La CIJ n'est pas le seul moyen de règlement pacifique des différends mis à la disposition des États. L'article 33 de la Charte en précise un certain nombre : « Les parties à tout différend dont la prolongation est susceptible de menacer le maintien de la paix et de la sécurité internationales doivent en rechercher la solution, avant tout, par voie de négociation, d'enquête, de médiation, de conciliation, d'arbitrage, de règlement judiciaire, de recours aux organismes ou accords régionaux, ou par d'autres moyens pacifiques de leur choix. » La multiplication des instances judiciaires internationales vient également limiter le champ d'action de la CIJ. Entre autres, le Tribunal international du droit de la mer, né de la convention de Montego Bay de 1982, empiète directement sur les compétences de la CIJ en matière de délimitation maritime.
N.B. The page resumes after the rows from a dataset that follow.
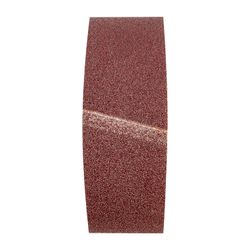 Sanding Belt 75 X 533mm 40 Grit 10/pack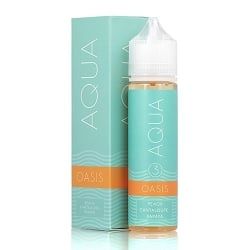 60ml Oasis by Aqua 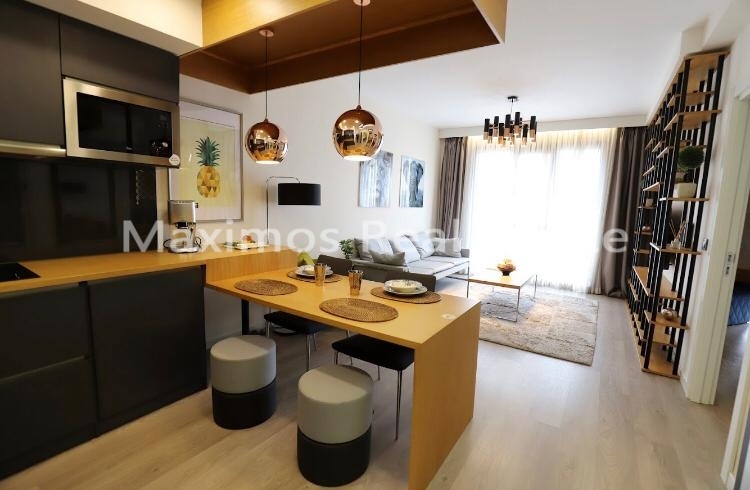 Ready Property for Sale in Esenyurt, Istanbul photos #1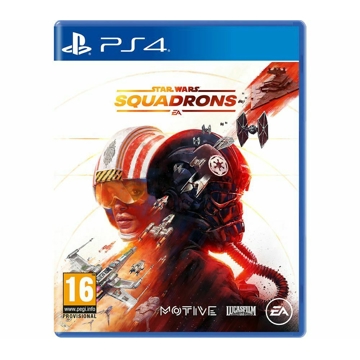 თამაში STAR WARS RACER :SQUADRONES \PS4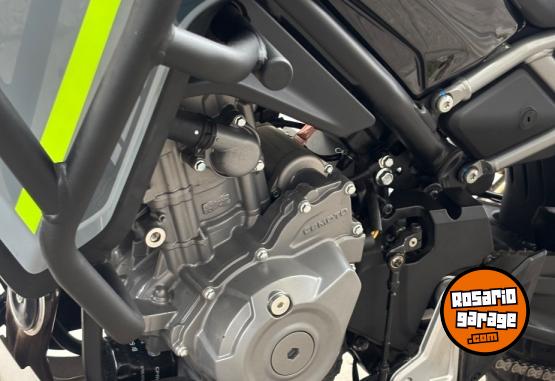 Motos - CF 450 Mt 2026 Nafta 3000Km - En Venta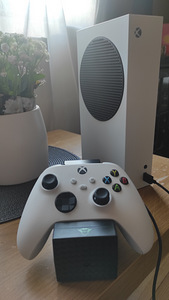 XBox Series S + GXT250, 1 kuu vana (1 foto / 3)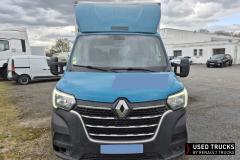 Renault Trucks Master
                                          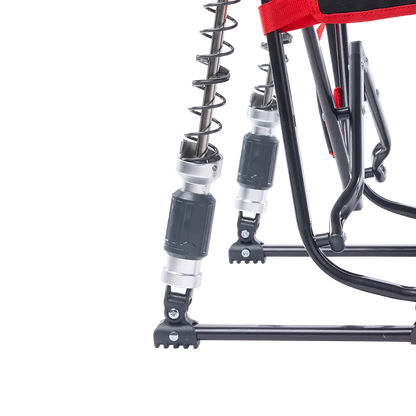 Adjustable Rocker™ - Daily Care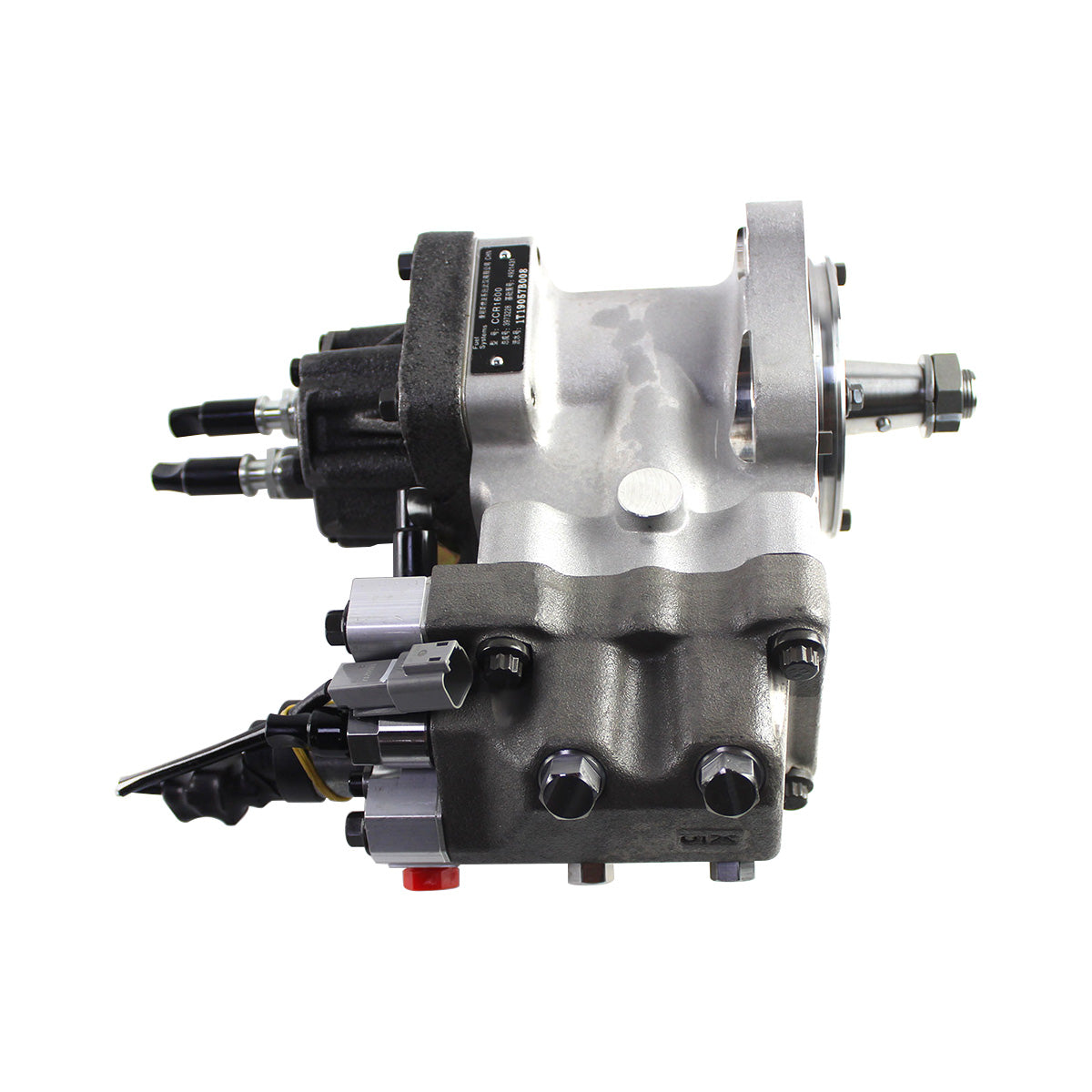 6745-71-1150 6745-71-1010 Fuel Pump for Komatsu PC300-8 PC450-8 ?PC350-7E0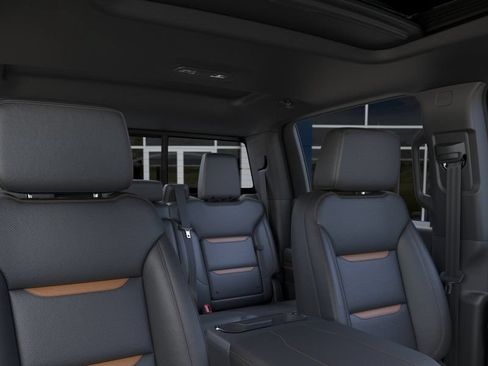New 2026 GMC Sierra 1500 AT4 w/ AT4 Premium Package AWD/4WD image 24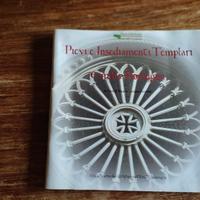 Pievi e insediamenti templari, Giorgio Ferretti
La création en 1993 du Tribunal pénal international pour l'ex-Yougoslavie (TPIY) puis en 1994 du Tribunal pénal international pour le Rwanda (TPIR) et en 2002 de la Cour pénale internationale (CPI) peut également introduire des conflits de compétence[réf. nécessaire]. Toutefois, la CIJ statue sur des différends entre États, tandis que les différentes cours pénales internationales jugent la responsabilité pénale d'individus. Cette distinction essentielle entre États et individus limite, voire empêche, les éventuels conflits de compétence.